For decades, Nigeria has engaged in extractivism, which is the removal of large quantities of raw or natural materials, particularly for export with minimal processing and the practice is mostly prominent in the oil and gas sector, where the country produced a total of 440.774 million barrels of crude oil between January and November 2021.
This has brought huge fund to the pocket of the Nigerian government, as a document on Crude Oil and Condensate Production for 2021, indicated that the federal government raked in N12.4 trillion from crude oil sales in the period under review.

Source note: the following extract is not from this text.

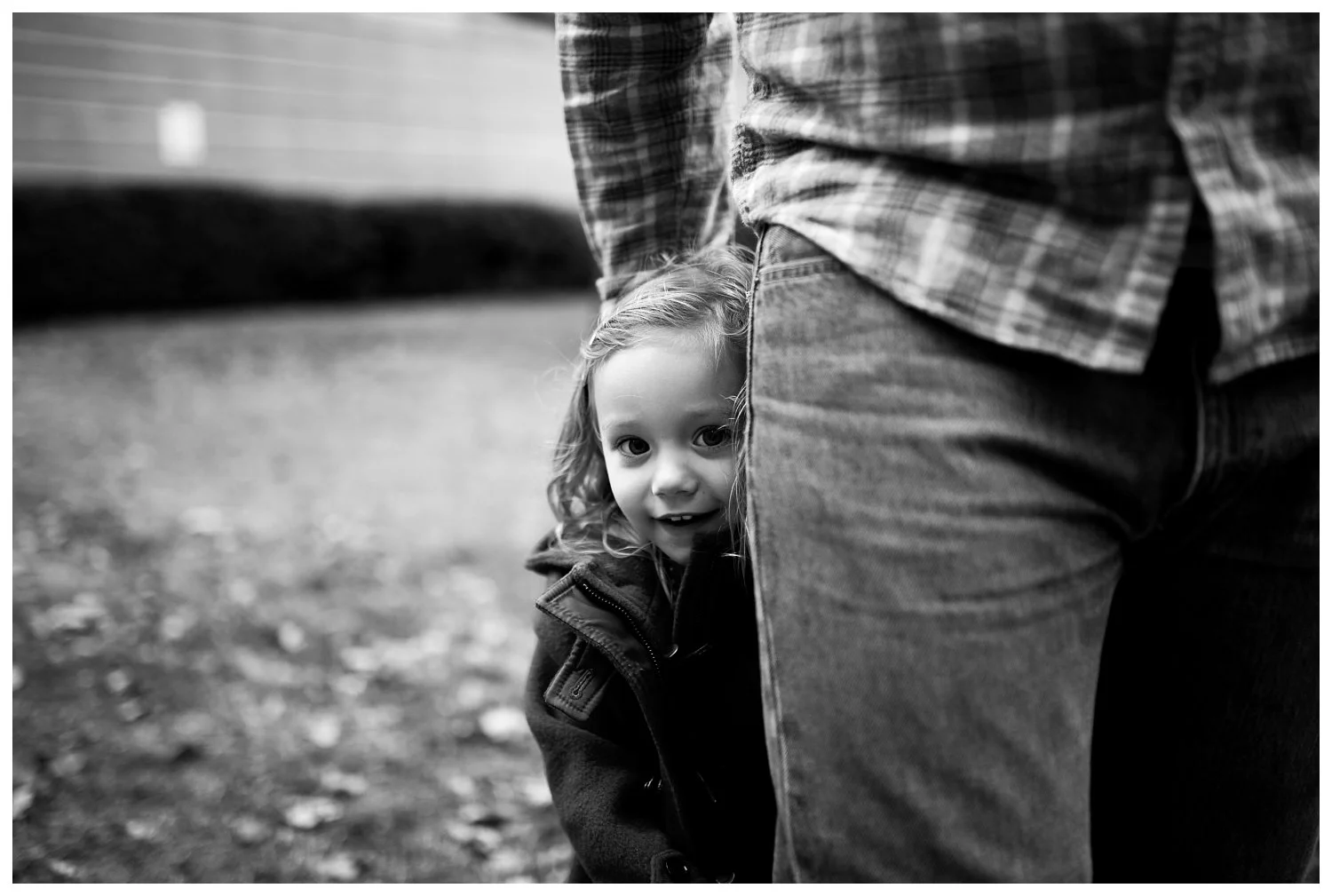 Rachel Lindsey Photography | Utah Family Photographer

However, this practice has huge implication on climate change, environmental activists have said, even as they disclosed that extracting crude oil, for instance, lies at the base of climate crisis.
The executive director, We the People, Ken Henshaw, at a training organised by Health of Mother Earth Foundation (HOMEF) for students of the School of Ecology on Extractivism, Climate Change and Food Crises, in Lagos, told NATIONAL ECONOMY that the extractivism in the oil and gas sector is fuelling global warming and climate change, due to an increase in greenhouse gases released into the atmosphere.
Henshaw listed major greenhouse gases that result from human activity as; Carbon Dioxide(CO2), Methane (CH4), Nitrous Oxide (N2O) and Industrial gases like Hydrofluorocarbons (HFCs), Perfluorocarbons (PFCs), Sulfur hexafluoride (SF6) and Nitrogen Trifluoride (NF3).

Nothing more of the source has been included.